#
Problem
of the Week

Problem
D and Solution

Reflect
on This

## Problem

\(\triangle ABC\) has vertices \(A(2,1)\), \(B(5,8)\), and \(C(1,c)\), where \(c>0\).

Vertices \(A\) and \(B\) are reflected in the \(y\)-axis, and vertex \(C\) is reflected in the \(x\)-axis. The three image points are
collinear. That is, a line passes through the three image points.

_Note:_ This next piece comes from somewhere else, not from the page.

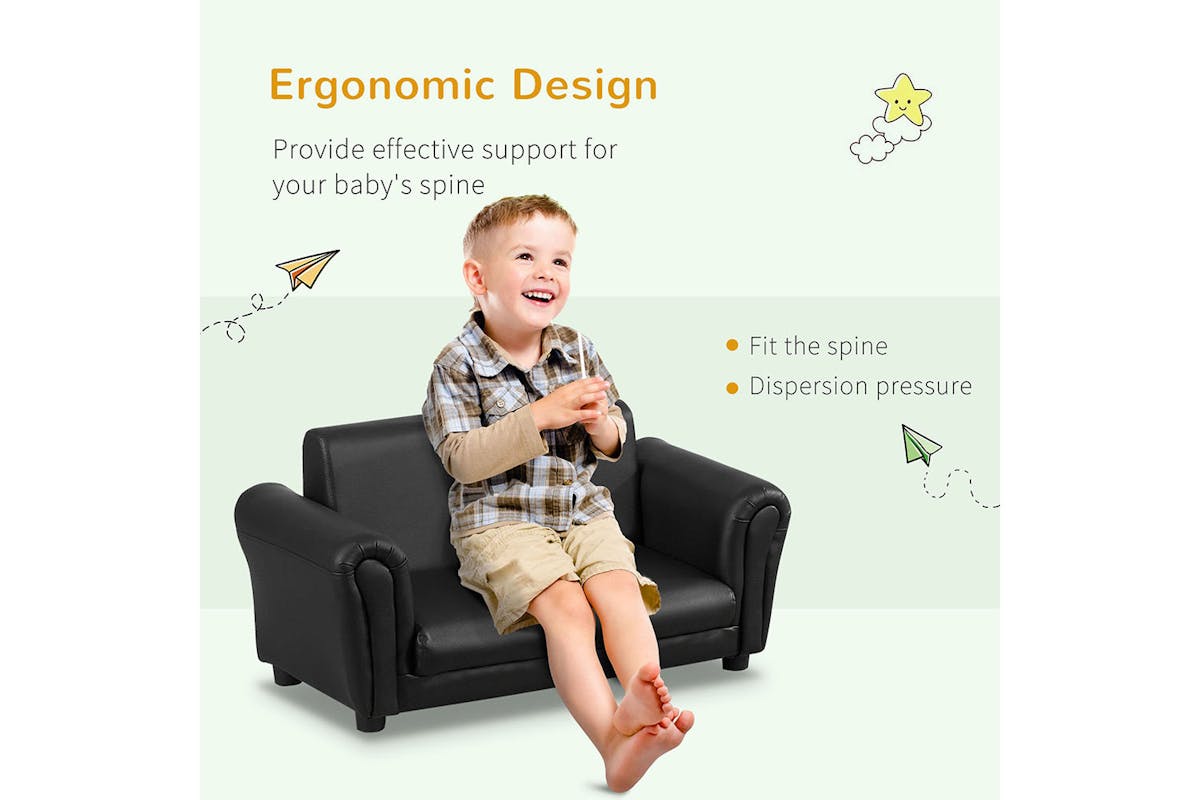 Homcom 2 Seater Toddlercouch Kids Sofa with Footstool | Black-3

Determine the coordinates of \(C\).

## Solution

When a point is reflected in the \(y\)-axis, the image point has the same
\(y\)-coordinate and the \(x\)-coordinate is \(-1\) multiplied by the pre-image \(x\)-coordinate. Thus, the image of \(A(2,1)\) is \(A'(-2,1)\), and the image of \(B(5,8)\) is \(B'(-5,8)\).

When a point is reflected about the \(x\)-axis, the image point has the same
\(x\)-coordinate and the \(y\)-coordinate is \(-1\) multiplied by the pre-image \(y\)-coordinate. Thus, the image of \(C(1,c)\) is \(C'(1,-c)\).

The three image points, \(A'\),
\(B'\), and \(C'\), are collinear.

**Solution 1**

In this solution, we find the equation of the line through the three
image points. We begin by first determining the slope of the line, and
then the \(y\)-intercept.

\[\text{slope}(A'B')=\frac{8 -
1}{-5-(-2)} = -\frac{7}{3}\]

Since \(A'(-2,1)\) lies on the
line, we can substitute \(x=-2\), \(y=1\), and \(m=-\frac{7}{3}\) into \(y=mx+b\). \[\begin{aligned}
1&=-\frac{7}{3}\left(-2\right)+b\\
1&=\frac{14}{3}+b \\
b&=1 -\frac{14}{3}\\
&=-\frac{11}{3}
\end{aligned}\]

Thus, the equation of the line through the three image points is
\(y=-\frac{7}{3}x-\frac{11}{3}\). Since
the point \(C'(1,-c)\) lies on this
line, we can substitute \(x=1\) and
\(y=-c\) into the equation to solve for
\(c\).

Thus, \(-c=-\frac{7}{3}\left(1\right)-\frac{11}{3}=-\frac{18}{3}=-6\)
and \(c=6\) follows.

Therefore, the coordinates of \(C\)
are \((1,6)\).

**Solution 2**

Since \(A'(-2,1)\), \(B'(-5,8)\), and \(C'(1,-c)\) are collinear, slope\((A'B')=\) slope\((B'C')\). \[\begin{aligned}
\mbox{slope}(A'B')&=\mbox{slope}(B'C')\\
\frac{8 - 1}{-5-(-2)}&=\frac{-c-8}{1-(-5)}\\
\frac{7}{-3}&=\frac{-c-8}{6}\\
42&=3c+24\\
18&=3c\\
6&=c
\end{aligned}\]

Therefore, the coordinates of \(C\)
are \((1,6)\).